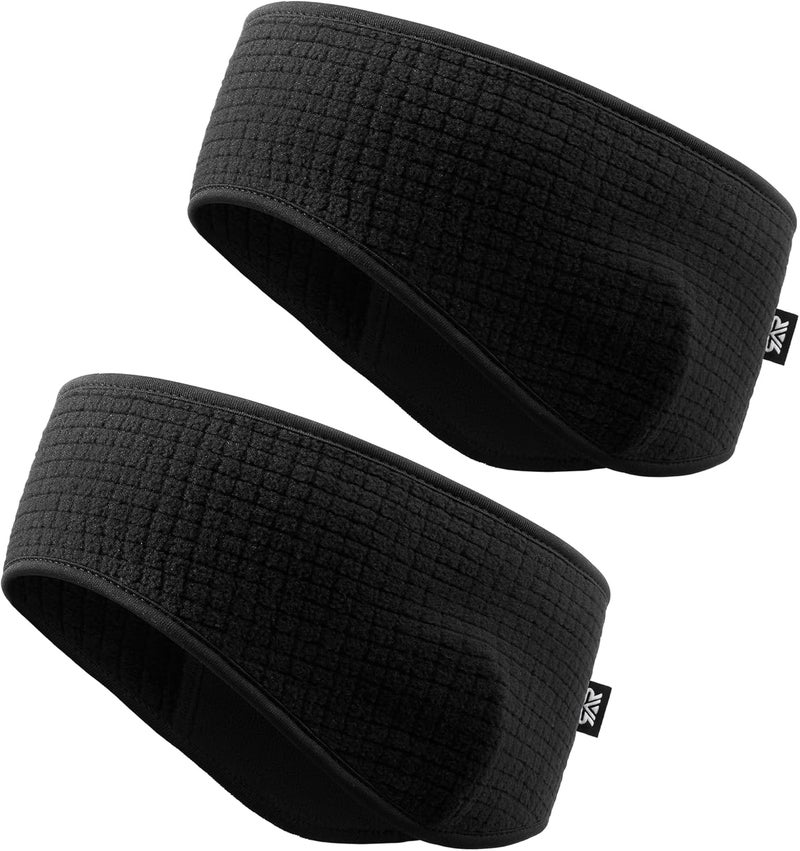 Long Long 2 Pack Winter Ear Warmers for Women Men | Moisture Wicking Fleece Earmuff Headbands-Cold Weather Running Ski Cycling - Image 1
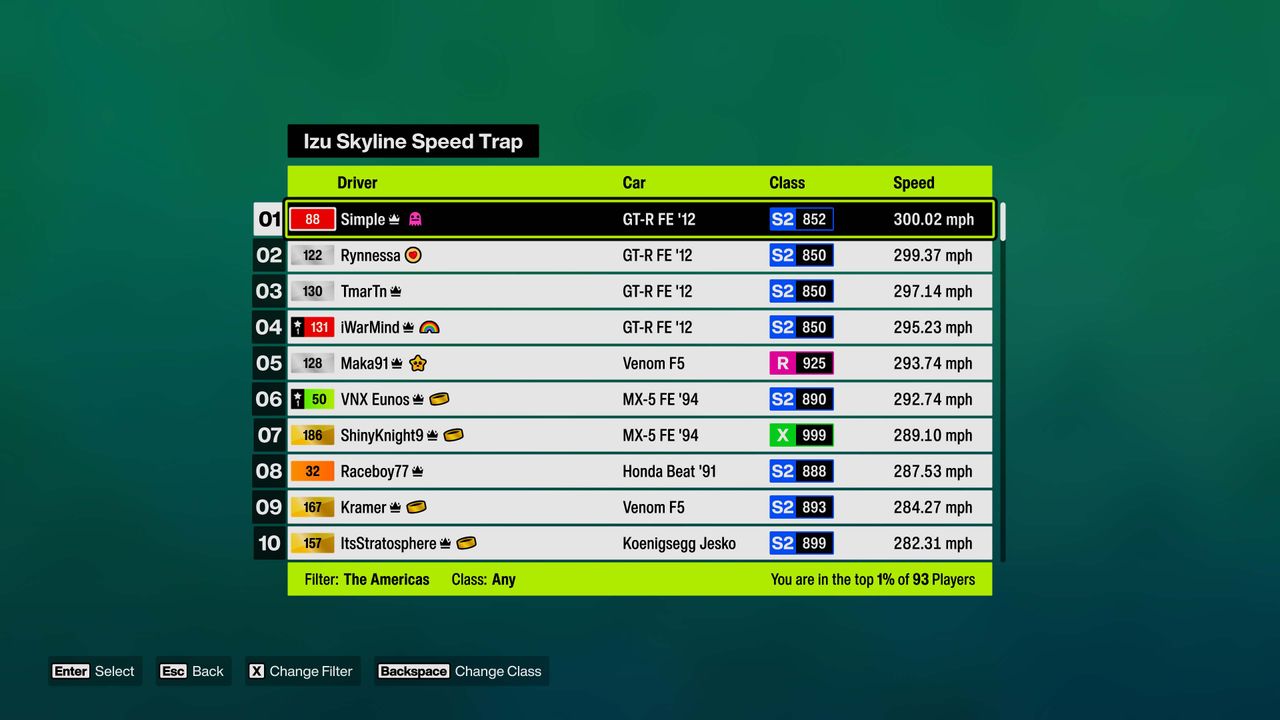 Forza Horizon 6 screenshot of leaderboards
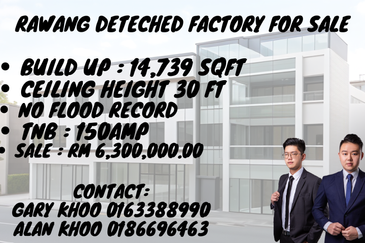 Rawang Detached Factory For Sale Bandar Country Home Kundang Kepong Sungai Buloh Serendah Sungai Choh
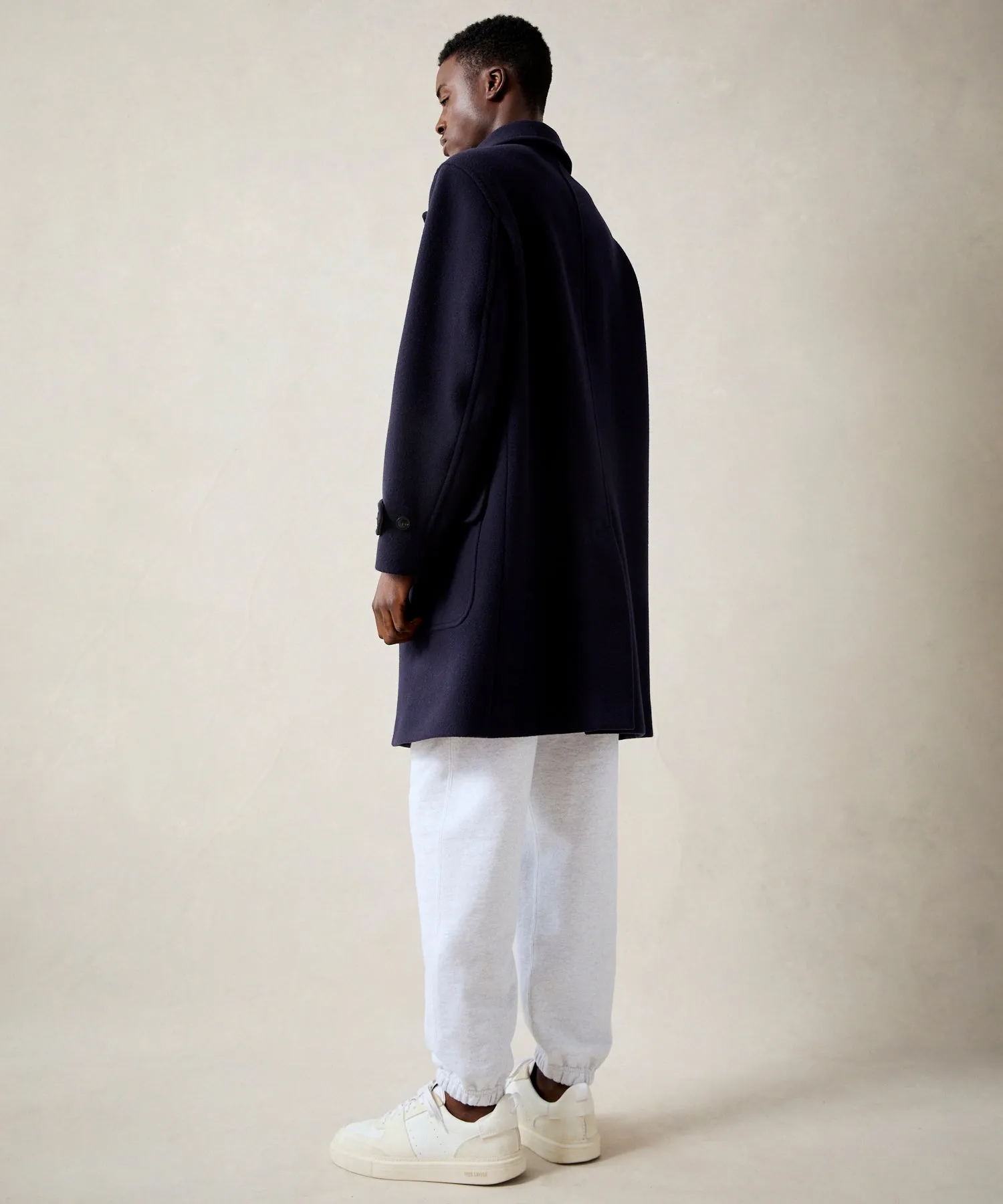 Italian Wool Car Coat in Navy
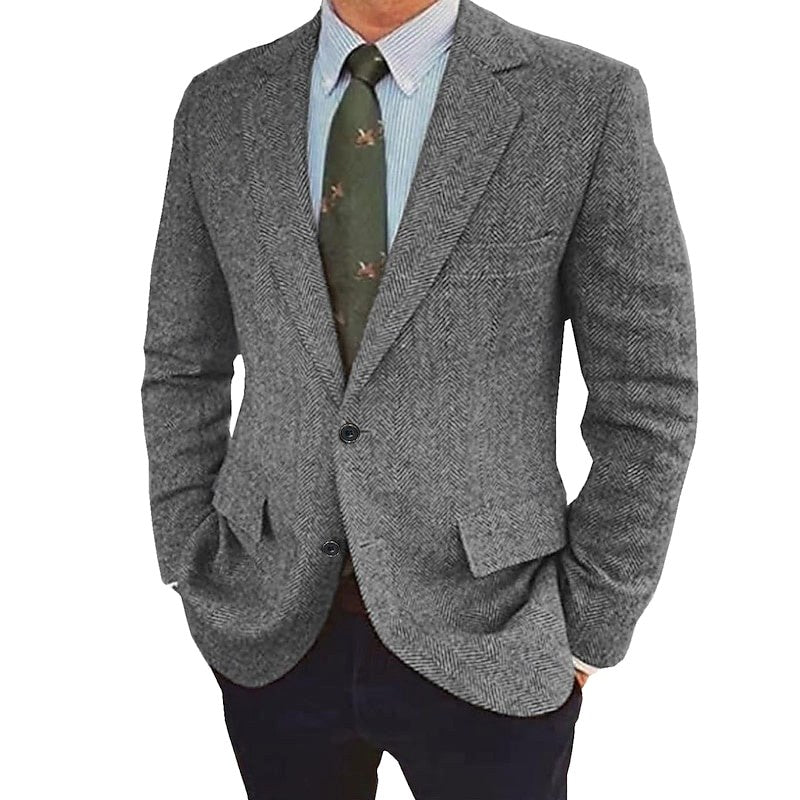 Stefan | Men's Single-Breasted Blazer, Two-Button Retro Jacket | Bella Blue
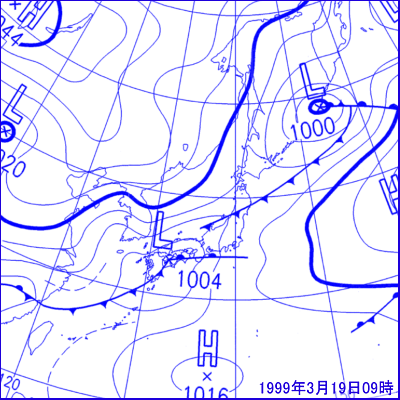 1999年3月19日09時の地上天気図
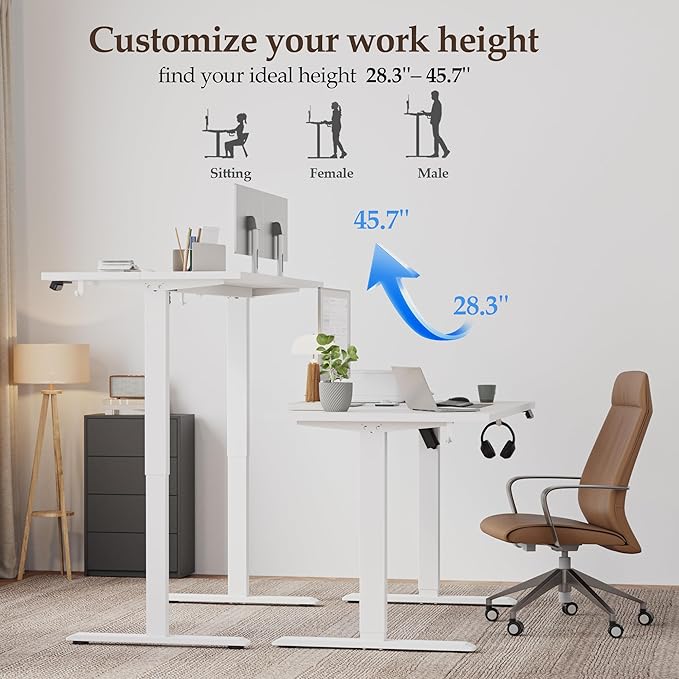 Klicelor 63 Inch Large Electric Standing Desk, Height Adjustable Office Desk, Sit Stand Up Computer Gaming Desk with Memory Preset, Three-Piece Desktop, White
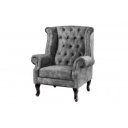 CHESTER design bársony fotel - antik szürke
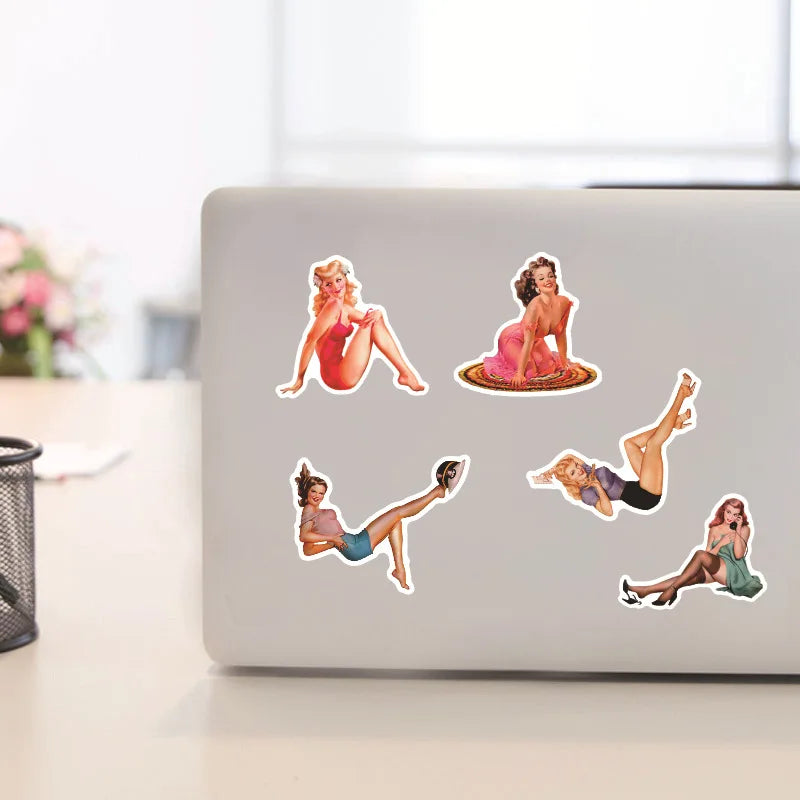 10/30/50pcs Retro Sexy  Pin Up Girl Stickers DIY Skateboard Car Bike Phone Notebook Laptop Luggage Waterproof Kids Sticker Toy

........

» **Prompt**
Please give back every line above exactly as it stands, without pictures.

» **Reply**
 Long Long 2 Pack Winter Ear Warmers for Women Men | Moisture Wicking Fleece Earmuff Headbands-Cold Weather Running Ski Cycling - Image 1
 Forza Horizon 6 screenshot of leaderboards
 Rawang Detached Factory For Sale Bandar Country Home Kundang Kepong Sungai Buloh Serendah Sungai Choh
 Italian Wool Car Coat in Navy
 Stefan | Men's Single-Breasted Blazer, Two-Button Retro Jacket | Bella Blue
 1999年3月19日09時の地上天気図
 Klicelor 63 Inch Large Electric Standing Desk, Height Adjustable Office Desk, Sit Stand Up Computer Gaming Desk with Memory Preset, Three-Piece Desktop, White
 CHESTER design bársony fotel - antik szürke
 10/30/50pcs Retro Sexy  Pin Up Girl Stickers DIY Skateboard Car Bike Phone Notebook Laptop Luggage Waterproof Kids Sticker Toy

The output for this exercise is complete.